• _Dataset content_:
----------------
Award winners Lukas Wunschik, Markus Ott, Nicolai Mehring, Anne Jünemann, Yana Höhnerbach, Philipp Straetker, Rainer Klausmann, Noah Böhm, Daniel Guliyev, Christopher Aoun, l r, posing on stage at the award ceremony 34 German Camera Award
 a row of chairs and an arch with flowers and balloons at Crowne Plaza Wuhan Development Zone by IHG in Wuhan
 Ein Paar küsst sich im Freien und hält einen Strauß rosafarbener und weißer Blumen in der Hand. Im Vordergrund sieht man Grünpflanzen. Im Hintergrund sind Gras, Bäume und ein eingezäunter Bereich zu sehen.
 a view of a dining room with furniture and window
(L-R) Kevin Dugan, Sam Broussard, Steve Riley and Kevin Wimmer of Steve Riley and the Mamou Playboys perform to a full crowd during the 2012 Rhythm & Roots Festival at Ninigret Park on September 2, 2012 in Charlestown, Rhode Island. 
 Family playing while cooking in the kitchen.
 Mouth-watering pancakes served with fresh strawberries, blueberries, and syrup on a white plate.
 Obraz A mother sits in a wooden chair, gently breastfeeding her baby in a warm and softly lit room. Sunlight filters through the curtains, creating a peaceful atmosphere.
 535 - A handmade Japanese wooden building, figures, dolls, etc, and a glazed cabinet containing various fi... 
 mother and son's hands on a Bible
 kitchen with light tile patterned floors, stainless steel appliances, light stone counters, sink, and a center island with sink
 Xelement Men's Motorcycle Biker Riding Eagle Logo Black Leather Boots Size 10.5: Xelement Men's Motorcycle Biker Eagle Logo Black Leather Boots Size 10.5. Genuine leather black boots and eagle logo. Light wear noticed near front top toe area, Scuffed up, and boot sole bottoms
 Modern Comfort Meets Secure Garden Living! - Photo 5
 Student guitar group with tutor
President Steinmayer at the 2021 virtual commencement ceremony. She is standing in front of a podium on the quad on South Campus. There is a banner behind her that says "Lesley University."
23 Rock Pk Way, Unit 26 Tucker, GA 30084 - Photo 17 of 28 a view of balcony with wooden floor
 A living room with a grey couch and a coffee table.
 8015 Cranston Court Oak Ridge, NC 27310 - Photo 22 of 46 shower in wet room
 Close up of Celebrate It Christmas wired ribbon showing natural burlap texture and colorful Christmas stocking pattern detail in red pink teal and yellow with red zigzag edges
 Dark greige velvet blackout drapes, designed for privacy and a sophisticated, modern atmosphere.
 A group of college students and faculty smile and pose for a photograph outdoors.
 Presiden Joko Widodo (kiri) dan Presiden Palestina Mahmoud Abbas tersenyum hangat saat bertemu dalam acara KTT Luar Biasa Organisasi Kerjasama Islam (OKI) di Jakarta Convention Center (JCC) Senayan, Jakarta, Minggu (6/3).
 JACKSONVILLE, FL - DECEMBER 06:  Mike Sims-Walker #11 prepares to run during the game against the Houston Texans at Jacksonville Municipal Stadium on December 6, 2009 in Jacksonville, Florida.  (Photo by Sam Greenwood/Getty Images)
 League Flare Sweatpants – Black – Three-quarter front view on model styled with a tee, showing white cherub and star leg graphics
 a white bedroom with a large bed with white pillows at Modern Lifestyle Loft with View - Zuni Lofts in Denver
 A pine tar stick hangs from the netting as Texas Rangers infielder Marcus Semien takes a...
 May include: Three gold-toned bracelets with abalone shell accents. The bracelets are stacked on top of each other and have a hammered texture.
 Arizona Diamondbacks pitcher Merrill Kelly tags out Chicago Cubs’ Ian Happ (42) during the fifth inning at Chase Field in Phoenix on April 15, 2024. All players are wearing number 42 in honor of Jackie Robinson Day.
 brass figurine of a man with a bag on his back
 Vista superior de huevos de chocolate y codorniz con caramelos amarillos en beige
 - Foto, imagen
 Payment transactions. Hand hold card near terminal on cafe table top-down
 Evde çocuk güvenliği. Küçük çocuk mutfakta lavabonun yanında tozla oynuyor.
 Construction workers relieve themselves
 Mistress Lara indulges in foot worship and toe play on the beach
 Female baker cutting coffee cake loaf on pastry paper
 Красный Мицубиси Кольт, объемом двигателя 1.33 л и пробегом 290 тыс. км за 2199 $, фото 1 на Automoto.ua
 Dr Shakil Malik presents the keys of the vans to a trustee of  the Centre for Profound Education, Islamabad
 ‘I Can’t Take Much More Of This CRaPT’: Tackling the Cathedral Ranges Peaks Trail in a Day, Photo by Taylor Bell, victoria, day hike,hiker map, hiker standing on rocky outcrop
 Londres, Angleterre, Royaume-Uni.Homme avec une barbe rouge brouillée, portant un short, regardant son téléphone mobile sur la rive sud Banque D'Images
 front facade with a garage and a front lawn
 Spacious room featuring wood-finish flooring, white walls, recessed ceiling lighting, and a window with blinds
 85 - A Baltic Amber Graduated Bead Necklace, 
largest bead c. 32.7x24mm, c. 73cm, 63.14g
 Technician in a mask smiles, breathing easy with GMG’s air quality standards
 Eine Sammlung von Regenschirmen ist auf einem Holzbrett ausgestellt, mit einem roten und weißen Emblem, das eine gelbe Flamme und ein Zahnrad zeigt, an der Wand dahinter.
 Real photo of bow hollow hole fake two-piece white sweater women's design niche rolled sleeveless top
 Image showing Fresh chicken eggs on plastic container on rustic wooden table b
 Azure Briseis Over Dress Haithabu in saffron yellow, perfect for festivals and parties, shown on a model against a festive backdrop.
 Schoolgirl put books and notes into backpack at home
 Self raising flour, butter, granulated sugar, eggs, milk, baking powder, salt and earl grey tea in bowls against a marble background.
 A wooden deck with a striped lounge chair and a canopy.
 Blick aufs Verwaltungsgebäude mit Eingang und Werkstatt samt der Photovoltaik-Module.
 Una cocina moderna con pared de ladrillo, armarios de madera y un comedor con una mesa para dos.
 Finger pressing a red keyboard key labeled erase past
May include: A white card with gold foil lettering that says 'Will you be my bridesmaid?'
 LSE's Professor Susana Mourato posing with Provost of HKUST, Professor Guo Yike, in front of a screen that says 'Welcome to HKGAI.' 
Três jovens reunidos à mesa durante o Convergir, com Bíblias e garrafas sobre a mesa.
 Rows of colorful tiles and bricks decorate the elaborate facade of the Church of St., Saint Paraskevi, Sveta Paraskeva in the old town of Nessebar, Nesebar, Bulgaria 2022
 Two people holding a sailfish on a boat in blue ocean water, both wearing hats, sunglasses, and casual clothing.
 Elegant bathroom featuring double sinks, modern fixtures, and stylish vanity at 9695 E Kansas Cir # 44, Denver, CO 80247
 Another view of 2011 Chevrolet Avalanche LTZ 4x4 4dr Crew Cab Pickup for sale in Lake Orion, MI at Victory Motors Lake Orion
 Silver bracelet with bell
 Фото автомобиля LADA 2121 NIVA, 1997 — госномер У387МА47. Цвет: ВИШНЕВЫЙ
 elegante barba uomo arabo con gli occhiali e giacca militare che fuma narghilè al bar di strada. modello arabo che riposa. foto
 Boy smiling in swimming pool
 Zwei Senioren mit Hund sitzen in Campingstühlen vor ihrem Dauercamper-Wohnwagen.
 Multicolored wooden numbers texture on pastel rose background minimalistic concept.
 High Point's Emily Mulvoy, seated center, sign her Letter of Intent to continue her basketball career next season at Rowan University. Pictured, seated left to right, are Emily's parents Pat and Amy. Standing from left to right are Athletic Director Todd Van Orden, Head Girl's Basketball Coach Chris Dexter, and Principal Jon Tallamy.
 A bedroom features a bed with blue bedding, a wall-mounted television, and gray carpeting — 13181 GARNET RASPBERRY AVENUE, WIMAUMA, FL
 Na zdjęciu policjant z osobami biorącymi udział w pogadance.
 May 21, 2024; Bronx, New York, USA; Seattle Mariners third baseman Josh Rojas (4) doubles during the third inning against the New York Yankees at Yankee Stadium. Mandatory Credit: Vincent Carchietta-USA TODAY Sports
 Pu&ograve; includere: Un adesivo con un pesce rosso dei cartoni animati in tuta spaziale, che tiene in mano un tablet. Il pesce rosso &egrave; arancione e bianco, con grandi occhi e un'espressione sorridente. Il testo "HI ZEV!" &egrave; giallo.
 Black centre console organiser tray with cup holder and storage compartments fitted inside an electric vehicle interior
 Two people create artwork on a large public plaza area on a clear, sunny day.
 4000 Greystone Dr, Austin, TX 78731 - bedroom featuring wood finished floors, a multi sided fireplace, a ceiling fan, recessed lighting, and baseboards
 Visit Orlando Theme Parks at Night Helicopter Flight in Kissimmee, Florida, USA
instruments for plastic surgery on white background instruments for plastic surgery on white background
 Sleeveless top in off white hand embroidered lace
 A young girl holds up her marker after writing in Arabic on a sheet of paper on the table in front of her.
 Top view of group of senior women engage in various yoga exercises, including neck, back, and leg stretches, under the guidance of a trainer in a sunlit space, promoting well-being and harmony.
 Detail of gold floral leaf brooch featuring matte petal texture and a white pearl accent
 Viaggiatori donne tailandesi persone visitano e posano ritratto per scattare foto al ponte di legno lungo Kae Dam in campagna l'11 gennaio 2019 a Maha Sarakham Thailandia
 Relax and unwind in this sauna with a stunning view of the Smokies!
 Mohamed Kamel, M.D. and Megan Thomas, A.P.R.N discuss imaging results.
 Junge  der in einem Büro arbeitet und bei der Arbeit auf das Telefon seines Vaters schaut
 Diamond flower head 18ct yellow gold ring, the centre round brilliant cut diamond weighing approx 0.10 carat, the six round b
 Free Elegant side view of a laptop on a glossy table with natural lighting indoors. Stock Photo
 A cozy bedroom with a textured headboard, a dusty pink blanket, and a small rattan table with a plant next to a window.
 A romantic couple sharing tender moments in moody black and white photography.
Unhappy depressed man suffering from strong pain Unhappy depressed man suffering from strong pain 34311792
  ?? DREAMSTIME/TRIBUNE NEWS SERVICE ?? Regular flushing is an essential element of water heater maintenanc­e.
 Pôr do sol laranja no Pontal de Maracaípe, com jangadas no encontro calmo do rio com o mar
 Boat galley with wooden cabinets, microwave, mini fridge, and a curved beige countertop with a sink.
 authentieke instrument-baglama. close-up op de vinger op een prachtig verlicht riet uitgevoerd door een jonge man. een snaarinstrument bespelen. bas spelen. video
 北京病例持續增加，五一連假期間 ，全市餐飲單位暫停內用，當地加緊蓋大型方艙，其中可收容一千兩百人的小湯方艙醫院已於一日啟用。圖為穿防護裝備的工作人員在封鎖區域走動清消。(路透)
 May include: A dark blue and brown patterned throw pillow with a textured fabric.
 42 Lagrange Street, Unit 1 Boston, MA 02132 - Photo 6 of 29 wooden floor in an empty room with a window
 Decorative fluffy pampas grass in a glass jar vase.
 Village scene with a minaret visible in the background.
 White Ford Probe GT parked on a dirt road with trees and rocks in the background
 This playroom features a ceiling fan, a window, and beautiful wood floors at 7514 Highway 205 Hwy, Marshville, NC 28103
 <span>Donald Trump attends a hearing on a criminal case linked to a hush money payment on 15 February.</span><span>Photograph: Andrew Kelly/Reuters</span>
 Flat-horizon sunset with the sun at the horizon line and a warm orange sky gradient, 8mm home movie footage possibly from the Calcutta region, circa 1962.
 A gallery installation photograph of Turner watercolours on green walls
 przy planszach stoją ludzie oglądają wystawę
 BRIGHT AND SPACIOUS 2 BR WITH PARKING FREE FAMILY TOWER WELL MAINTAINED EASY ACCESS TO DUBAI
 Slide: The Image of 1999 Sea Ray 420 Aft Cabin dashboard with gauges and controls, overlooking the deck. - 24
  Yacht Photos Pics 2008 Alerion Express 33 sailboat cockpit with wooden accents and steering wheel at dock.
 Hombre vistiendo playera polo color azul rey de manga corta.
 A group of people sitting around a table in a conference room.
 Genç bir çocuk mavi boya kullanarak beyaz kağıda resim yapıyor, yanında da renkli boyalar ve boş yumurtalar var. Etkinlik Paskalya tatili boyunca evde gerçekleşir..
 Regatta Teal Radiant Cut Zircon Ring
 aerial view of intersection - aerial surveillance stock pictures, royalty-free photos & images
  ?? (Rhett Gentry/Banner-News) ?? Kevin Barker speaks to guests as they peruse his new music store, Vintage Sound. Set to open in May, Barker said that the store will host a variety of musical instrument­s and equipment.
----------------
• _Task instructions_: Please give back exactly the lines of the listing above that run from the one containing "Dr Shakil Malik" through the one containing "Finger pressing a", and only those.

• _Response area_:
 Dr Shakil Malik presents the keys of the vans to a trustee of  the Centre for Profound Education, Islamabad
 ‘I Can’t Take Much More Of This CRaPT’: Tackling the Cathedral Ranges Peaks Trail in a Day, Photo by Taylor Bell, victoria, day hike,hiker map, hiker standing on rocky outcrop
 Londres, Angleterre, Royaume-Uni.Homme avec une barbe rouge brouillée, portant un short, regardant son téléphone mobile sur la rive sud Banque D'Images
 front facade with a garage and a front lawn
 Spacious room featuring wood-finish flooring, white walls, recessed ceiling lighting, and a window with blinds
 85 - A Baltic Amber Graduated Bead Necklace, 
largest bead c. 32.7x24mm, c. 73cm, 63.14g
 Technician in a mask smiles, breathing easy with GMG’s air quality standards
 Eine Sammlung von Regenschirmen ist auf einem Holzbrett ausgestellt, mit einem roten und weißen Emblem, das eine gelbe Flamme und ein Zahnrad zeigt, an der Wand dahinter.
 Real photo of bow hollow hole fake two-piece white sweater women's design niche rolled sleeveless top
 Image showing Fresh chicken eggs on plastic container on rustic wooden table b
 Azure Briseis Over Dress Haithabu in saffron yellow, perfect for festivals and parties, shown on a model against a festive backdrop.
 Schoolgirl put books and notes into backpack at home
 Self raising flour, butter, granulated sugar, eggs, milk, baking powder, salt and earl grey tea in bowls against a marble background.
 A wooden deck with a striped lounge chair and a canopy.
 Blick aufs Verwaltungsgebäude mit Eingang und Werkstatt samt der Photovoltaik-Module.
 Una cocina moderna con pared de ladrillo, armarios de madera y un comedor con una mesa para dos.
 Finger pressing a red keyboard key labeled erase past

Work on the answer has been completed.